**Task prompt:**
Every line from the one with "صور 1 Kverneland" to the one with "2023 Toyota RAV4 LE FWD", including those two, is to be copied exactly; all other lines of the entries below are left out.

**Data to use:**
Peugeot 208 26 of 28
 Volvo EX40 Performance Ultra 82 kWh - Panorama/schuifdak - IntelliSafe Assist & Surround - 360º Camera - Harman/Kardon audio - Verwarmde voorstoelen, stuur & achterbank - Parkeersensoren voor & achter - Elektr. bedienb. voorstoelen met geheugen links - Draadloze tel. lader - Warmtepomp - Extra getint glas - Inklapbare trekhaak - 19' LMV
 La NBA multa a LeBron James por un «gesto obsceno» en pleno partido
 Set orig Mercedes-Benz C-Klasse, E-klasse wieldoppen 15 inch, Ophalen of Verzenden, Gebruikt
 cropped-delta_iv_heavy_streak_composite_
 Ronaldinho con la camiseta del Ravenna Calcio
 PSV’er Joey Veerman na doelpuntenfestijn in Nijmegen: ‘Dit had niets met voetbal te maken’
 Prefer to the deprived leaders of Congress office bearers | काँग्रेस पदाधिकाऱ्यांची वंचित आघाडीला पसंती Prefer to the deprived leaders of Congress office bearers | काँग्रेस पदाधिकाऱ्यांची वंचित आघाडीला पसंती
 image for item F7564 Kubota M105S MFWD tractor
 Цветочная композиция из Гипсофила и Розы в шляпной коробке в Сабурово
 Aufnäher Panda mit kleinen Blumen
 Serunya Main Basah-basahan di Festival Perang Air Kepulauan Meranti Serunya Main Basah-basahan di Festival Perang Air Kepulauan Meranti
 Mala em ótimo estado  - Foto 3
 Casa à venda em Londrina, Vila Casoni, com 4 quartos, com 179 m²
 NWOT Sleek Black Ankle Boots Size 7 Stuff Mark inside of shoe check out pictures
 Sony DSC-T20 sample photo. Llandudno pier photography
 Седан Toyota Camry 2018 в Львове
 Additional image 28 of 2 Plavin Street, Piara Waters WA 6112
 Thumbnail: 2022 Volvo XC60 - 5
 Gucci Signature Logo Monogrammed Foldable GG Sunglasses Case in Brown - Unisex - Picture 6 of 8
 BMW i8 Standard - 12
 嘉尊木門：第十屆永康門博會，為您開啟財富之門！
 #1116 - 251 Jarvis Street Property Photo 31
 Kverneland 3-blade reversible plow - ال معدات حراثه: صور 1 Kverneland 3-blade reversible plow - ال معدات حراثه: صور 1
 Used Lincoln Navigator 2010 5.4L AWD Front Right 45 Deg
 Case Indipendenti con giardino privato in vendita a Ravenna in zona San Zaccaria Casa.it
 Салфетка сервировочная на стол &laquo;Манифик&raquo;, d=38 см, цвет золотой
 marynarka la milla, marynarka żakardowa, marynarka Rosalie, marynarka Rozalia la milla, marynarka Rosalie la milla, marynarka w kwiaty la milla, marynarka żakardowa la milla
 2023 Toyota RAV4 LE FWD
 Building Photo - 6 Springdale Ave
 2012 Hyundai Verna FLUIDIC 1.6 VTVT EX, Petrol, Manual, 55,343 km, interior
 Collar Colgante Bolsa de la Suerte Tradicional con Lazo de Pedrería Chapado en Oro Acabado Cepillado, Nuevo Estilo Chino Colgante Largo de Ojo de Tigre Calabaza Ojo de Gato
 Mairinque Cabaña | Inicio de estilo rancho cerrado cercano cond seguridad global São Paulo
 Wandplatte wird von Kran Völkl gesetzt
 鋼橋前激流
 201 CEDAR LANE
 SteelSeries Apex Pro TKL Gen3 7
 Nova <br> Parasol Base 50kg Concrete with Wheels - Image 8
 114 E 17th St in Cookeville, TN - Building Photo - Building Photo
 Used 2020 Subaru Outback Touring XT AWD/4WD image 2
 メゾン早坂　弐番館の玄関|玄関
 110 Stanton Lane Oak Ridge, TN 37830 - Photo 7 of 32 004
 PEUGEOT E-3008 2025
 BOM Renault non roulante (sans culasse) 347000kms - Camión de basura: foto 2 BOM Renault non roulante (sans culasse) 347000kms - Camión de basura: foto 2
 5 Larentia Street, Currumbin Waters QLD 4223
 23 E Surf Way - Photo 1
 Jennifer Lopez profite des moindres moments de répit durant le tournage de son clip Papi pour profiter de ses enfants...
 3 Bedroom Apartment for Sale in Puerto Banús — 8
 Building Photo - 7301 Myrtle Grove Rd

**Solved exercise:**
 Kverneland 3-blade reversible plow - ال معدات حراثه: صور 1 Kverneland 3-blade reversible plow - ال معدات حراثه: صور 1
 Used Lincoln Navigator 2010 5.4L AWD Front Right 45 Deg
 Case Indipendenti con giardino privato in vendita a Ravenna in zona San Zaccaria Casa.it
 Салфетка сервировочная на стол &laquo;Манифик&raquo;, d=38 см, цвет золотой
 marynarka la milla, marynarka żakardowa, marynarka Rosalie, marynarka Rozalia la milla, marynarka Rosalie la milla, marynarka w kwiaty la milla, marynarka żakardowa la milla
 2023 Toyota RAV4 LE FWD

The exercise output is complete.